*** Block opens ***

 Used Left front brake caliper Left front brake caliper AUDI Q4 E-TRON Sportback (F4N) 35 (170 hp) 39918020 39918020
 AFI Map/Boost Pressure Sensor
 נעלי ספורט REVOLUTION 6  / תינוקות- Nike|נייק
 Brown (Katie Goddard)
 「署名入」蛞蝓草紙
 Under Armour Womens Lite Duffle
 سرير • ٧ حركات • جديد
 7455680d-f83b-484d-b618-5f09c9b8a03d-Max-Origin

*** Block closes ***

EXERCISE:
The requested lines run from the one with "Under Armour Womens Lite Duffle" through the last line of the records. Return them exactly.

EXERCISE OUTPUT:
 Under Armour Womens Lite Duffle
 سرير • ٧ حركات • جديد
 7455680d-f83b-484d-b618-5f09c9b8a03d-Max-Origin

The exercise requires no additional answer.